Vingt-cinq Nobel d'économie fustigent l'instrumentalisation de leurs idées par le FN

Par Grégoire Normand  |   |  713  mots
Le célèbre économiste Joseph Stiglitz dénonce régulièrement cette "instrumentalisation de la pensée économique".
25 prix Nobel d'économie, dont Joseph Stiglitz ou Jean Tirole, ont dénoncé ce mardi les programmes "antieuropéens" et "protectionnistes" de certains candidats à la présidentielle comme Marine Le Pen. Ils mettent en garde contre une possible "déstabilisation" de l'Europe.

Les économistes unissent leur force. A quelques jours du premier tour de la présidentielle, 25 lauréats du prix Nobel d'économie ont signé une lettre publiée par Le Monde dans laquelle ils dénoncent l'instrumentalisation de leurs idées par des élus du Front national. Ces derniers citent régulièrement ces spécialistes de renom pour justifier leur programme.

Si Joseph Stiglitz a plusieurs fois exprimé des critiques à l'égard de l'euro dans des ouvrages et des déclarations, le célèbre économiste ne souhaite pas être associé à Marine Le Pen et son parti, comme il l'a déjà fait remarquer à plusieurs reprises.

Un front commun

Malgré des positions divergentes sur la zone euro, les questions monétaires ou les politiques économiques à mener pour relancer l'activité en Europe en France, les récipiendaires du célèbre prix ont décidé de faire front commun contre "cette instrumentalisation de la pensée économique dans le cadre de la campagne électorale française".

"Certains d'entre nous ont été cités par des candidats à l'élection présidentielle française, notamment par Marine le Pen et ses équipes, pour justifier un programme politique sur la question de l'Europe", écrivent ces 25 économistes, parmi lesquels l'Américain Robert Solow (prix Nobel en 1987), l'Indien Amartya Sen (1998) et le Français Jean Tirole (2014).

Favorables à la construction européenne

Les signataires se sont montrés favorables à la construction européenne qui "est capitale non seulement pour maintenir la paix sur le continent mais également pour le progrès économique des Etats membres et leur pouvoir politique dans le monde". Pour eux, les différents programmes isolationnistes peuvent représenter des dangers pour  mener à bien la croissance.

"Les politiques isolationnistes et protectionnistes et les dévaluations compétitives, toutes menées au détriment des autres pays, sont de dangereux moyens d'essayer de générer de la croissance. Elles entraînent des mesures de représailles et des guerres commerciales. Au final, elles se révéleront préjudiciables à la France ainsi qu'à ses partenaires commerciaux."
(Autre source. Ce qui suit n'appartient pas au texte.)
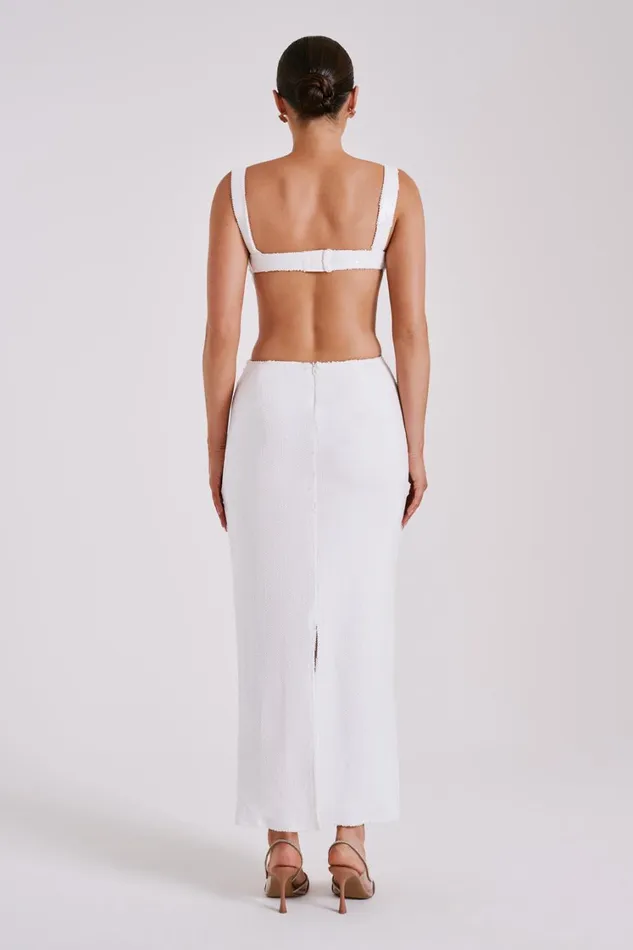 Women Meshki Dresses Adoria Sequin Cut Out Maxi Dress 8211 White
Les 25 prix Nobel prennent par ailleurs position en faveur de l'immigration alors que la candidate du Front national a décidé de durcir le ton de ses discours sur ce sujet pour la fin de sa campagne.

"Quand ils sont bien intégrés au marché du travail, les migrants peuvent être une opportunité économique pour le pays d'accueil. Plusieurs des pays les plus prospères au monde ont su accueillir et intégrer les émigrés."
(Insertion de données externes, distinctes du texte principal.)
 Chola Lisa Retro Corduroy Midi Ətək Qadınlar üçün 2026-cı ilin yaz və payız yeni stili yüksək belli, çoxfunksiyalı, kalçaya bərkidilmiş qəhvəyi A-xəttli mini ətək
    | Lire aussi : Immigration : les mauvais "coûts" du Front national

Le Nobel d'économie et professeur émérite à l'université de Princeton Paul Krugman lors d'une conférence de presse au Japon en mars dernier. Crédits: REUTERS/Franck Robichon.
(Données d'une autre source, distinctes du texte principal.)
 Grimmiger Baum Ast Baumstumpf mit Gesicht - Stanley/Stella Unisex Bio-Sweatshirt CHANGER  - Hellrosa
Pour Krugman, "Le Pen n'est pas la réponse"

Dans une tribune publiée la semaine dernière dans le New York Times, le prix Nobel d'économie Paul Krugman a également dénoncé la récupération des positions de certains économistes sur l'Europe ou la zone euro pour rendre plus crédible le programme du FN. Face à ce comportement, l'économiste a rappelé que les propositions soutenues par le parti d'extrême droite concernant l'Europe "nuiraient à l'économie française".

"J'ai été un critique virulent à la fois de l'euro et des politiques d'austérité menées dans la zone euro depuis 2010. La France pourrait et devrait faire mieux que ça. Mais les politiques dont parle le FN - sortie unilatérale non seulement de l'euro, mais aussi de l'UE - nuiraient à l'économie française."

L'universitaire américain a ainsi conclu sa tribune en rappelant que "ce n'est pas parce que Le Pen et des économistes comme moi sont critiques vis-à-vis des politiques européennes que nous avons quelque chose en commun".

Les économistes qui viennent de publier leur tribune ne citent pas d'autres candidats que Marine Le Pen. Mais plusieurs autres candidats en cas d'élection ont prévu un renforcement des politiques de protectionnisme et une sortie de l'euro dont Nicolas Dupont-Aignan, François Asselineau et Jean-Luc Mélenchon, qui l'envisage comme un "plan B".